───── Material for this task ─────
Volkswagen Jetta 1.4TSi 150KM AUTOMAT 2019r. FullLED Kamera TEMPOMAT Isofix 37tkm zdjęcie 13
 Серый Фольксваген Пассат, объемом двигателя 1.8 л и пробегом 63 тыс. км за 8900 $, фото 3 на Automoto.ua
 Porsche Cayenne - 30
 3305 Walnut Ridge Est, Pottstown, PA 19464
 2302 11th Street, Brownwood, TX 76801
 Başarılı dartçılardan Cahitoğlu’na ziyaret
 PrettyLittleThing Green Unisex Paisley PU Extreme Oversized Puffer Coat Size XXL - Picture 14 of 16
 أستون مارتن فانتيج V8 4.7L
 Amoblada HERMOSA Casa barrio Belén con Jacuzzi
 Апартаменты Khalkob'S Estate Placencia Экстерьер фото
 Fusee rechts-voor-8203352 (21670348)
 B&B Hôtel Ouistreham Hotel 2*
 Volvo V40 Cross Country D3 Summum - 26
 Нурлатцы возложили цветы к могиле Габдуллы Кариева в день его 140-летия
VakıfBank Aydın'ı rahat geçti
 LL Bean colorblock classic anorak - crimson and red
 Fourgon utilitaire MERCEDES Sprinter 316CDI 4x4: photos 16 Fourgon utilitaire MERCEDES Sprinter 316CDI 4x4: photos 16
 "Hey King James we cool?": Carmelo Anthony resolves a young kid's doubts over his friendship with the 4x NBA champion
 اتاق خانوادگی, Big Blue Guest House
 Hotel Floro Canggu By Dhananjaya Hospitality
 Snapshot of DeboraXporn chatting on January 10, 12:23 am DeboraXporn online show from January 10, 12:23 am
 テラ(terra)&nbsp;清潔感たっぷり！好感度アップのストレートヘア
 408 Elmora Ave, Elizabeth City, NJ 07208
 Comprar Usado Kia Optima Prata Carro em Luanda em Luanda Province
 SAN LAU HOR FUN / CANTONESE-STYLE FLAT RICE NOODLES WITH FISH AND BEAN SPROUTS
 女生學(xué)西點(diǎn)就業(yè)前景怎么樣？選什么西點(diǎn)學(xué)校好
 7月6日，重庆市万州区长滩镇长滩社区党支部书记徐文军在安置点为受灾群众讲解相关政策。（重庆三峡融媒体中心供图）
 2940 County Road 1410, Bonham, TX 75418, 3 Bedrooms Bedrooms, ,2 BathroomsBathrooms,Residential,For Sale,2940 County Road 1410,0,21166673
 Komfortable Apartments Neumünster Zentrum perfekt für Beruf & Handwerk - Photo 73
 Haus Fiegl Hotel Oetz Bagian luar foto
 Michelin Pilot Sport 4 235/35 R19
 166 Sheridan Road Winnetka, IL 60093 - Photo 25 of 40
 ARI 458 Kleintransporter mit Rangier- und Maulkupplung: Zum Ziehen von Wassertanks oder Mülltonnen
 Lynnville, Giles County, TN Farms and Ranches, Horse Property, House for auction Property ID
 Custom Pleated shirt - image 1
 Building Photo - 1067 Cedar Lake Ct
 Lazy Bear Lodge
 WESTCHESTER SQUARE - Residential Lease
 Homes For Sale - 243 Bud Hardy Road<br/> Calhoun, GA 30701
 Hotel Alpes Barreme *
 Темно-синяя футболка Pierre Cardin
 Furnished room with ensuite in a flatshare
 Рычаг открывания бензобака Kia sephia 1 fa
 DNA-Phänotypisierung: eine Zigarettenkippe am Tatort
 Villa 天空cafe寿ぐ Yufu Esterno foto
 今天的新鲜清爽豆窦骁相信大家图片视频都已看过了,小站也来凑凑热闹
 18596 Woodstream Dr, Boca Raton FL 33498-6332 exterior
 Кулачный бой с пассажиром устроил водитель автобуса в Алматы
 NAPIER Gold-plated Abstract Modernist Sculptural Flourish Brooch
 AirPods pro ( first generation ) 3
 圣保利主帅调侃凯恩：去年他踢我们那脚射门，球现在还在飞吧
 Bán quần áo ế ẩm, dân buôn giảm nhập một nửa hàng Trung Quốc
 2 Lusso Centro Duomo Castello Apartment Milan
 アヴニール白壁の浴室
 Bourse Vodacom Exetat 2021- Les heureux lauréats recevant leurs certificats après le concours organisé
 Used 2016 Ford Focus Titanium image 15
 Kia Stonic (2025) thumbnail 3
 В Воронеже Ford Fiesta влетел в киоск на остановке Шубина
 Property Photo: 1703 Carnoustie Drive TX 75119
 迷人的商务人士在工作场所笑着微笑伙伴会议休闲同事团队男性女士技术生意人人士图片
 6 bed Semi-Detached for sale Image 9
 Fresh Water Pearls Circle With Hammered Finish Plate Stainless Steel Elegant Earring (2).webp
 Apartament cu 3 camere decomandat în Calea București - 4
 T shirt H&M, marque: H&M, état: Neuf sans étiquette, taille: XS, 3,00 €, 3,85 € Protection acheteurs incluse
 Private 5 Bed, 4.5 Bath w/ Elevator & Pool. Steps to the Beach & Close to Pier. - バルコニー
─────
- [Problem to work on]: With nothing added or dropped, reproduce all the data exactly.

- [Response area]:
Volkswagen Jetta 1.4TSi 150KM AUTOMAT 2019r. FullLED Kamera TEMPOMAT Isofix 37tkm zdjęcie 13
 Серый Фольксваген Пассат, объемом двигателя 1.8 л и пробегом 63 тыс. км за 8900 $, фото 3 на Automoto.ua
 Porsche Cayenne - 30
 3305 Walnut Ridge Est, Pottstown, PA 19464
 2302 11th Street, Brownwood, TX 76801
 Başarılı dartçılardan Cahitoğlu’na ziyaret
 PrettyLittleThing Green Unisex Paisley PU Extreme Oversized Puffer Coat Size XXL - Picture 14 of 16
 أستون مارتن فانتيج V8 4.7L
 Amoblada HERMOSA Casa barrio Belén con Jacuzzi
 Апартаменты Khalkob'S Estate Placencia Экстерьер фото
 Fusee rechts-voor-8203352 (21670348)
 B&B Hôtel Ouistreham Hotel 2*
 Volvo V40 Cross Country D3 Summum - 26
 Нурлатцы возложили цветы к могиле Габдуллы Кариева в день его 140-летия
VakıfBank Aydın'ı rahat geçti
 LL Bean colorblock classic anorak - crimson and red
 Fourgon utilitaire MERCEDES Sprinter 316CDI 4x4: photos 16 Fourgon utilitaire MERCEDES Sprinter 316CDI 4x4: photos 16
 "Hey King James we cool?": Carmelo Anthony resolves a young kid's doubts over his friendship with the 4x NBA champion
 اتاق خانوادگی, Big Blue Guest House
 Hotel Floro Canggu By Dhananjaya Hospitality
 Snapshot of DeboraXporn chatting on January 10, 12:23 am DeboraXporn online show from January 10, 12:23 am
 テラ(terra)&nbsp;清潔感たっぷり！好感度アップのストレートヘア
 408 Elmora Ave, Elizabeth City, NJ 07208
 Comprar Usado Kia Optima Prata Carro em Luanda em Luanda Province
 SAN LAU HOR FUN / CANTONESE-STYLE FLAT RICE NOODLES WITH FISH AND BEAN SPROUTS
 女生學(xué)西點(diǎn)就業(yè)前景怎么樣？選什么西點(diǎn)學(xué)校好
 7月6日，重庆市万州区长滩镇长滩社区党支部书记徐文军在安置点为受灾群众讲解相关政策。（重庆三峡融媒体中心供图）
 2940 County Road 1410, Bonham, TX 75418, 3 Bedrooms Bedrooms, ,2 BathroomsBathrooms,Residential,For Sale,2940 County Road 1410,0,21166673
 Komfortable Apartments Neumünster Zentrum perfekt für Beruf & Handwerk - Photo 73
 Haus Fiegl Hotel Oetz Bagian luar foto
 Michelin Pilot Sport 4 235/35 R19
 166 Sheridan Road Winnetka, IL 60093 - Photo 25 of 40
 ARI 458 Kleintransporter mit Rangier- und Maulkupplung: Zum Ziehen von Wassertanks oder Mülltonnen
 Lynnville, Giles County, TN Farms and Ranches, Horse Property, House for auction Property ID
 Custom Pleated shirt - image 1
 Building Photo - 1067 Cedar Lake Ct
 Lazy Bear Lodge
 WESTCHESTER SQUARE - Residential Lease
 Homes For Sale - 243 Bud Hardy Road<br/> Calhoun, GA 30701
 Hotel Alpes Barreme *
 Темно-синяя футболка Pierre Cardin
 Furnished room with ensuite in a flatshare
 Рычаг открывания бензобака Kia sephia 1 fa
 DNA-Phänotypisierung: eine Zigarettenkippe am Tatort
 Villa 天空cafe寿ぐ Yufu Esterno foto
 今天的新鲜清爽豆窦骁相信大家图片视频都已看过了,小站也来凑凑热闹
 18596 Woodstream Dr, Boca Raton FL 33498-6332 exterior
 Кулачный бой с пассажиром устроил водитель автобуса в Алматы
 NAPIER Gold-plated Abstract Modernist Sculptural Flourish Brooch
 AirPods pro ( first generation ) 3
 圣保利主帅调侃凯恩：去年他踢我们那脚射门，球现在还在飞吧
 Bán quần áo ế ẩm, dân buôn giảm nhập một nửa hàng Trung Quốc
 2 Lusso Centro Duomo Castello Apartment Milan
 アヴニール白壁の浴室
 Bourse Vodacom Exetat 2021- Les heureux lauréats recevant leurs certificats après le concours organisé
 Used 2016 Ford Focus Titanium image 15
 Kia Stonic (2025) thumbnail 3
 В Воронеже Ford Fiesta влетел в киоск на остановке Шубина
 Property Photo: 1703 Carnoustie Drive TX 75119
 迷人的商务人士在工作场所笑着微笑伙伴会议休闲同事团队男性女士技术生意人人士图片
 6 bed Semi-Detached for sale Image 9
 Fresh Water Pearls Circle With Hammered Finish Plate Stainless Steel Elegant Earring (2).webp
 Apartament cu 3 camere decomandat în Calea București - 4
 T shirt H&M, marque: H&M, état: Neuf sans étiquette, taille: XS, 3,00 €, 3,85 € Protection acheteurs incluse
 Private 5 Bed, 4.5 Bath w/ Elevator & Pool. Steps to the Beach & Close to Pier. - バルコニー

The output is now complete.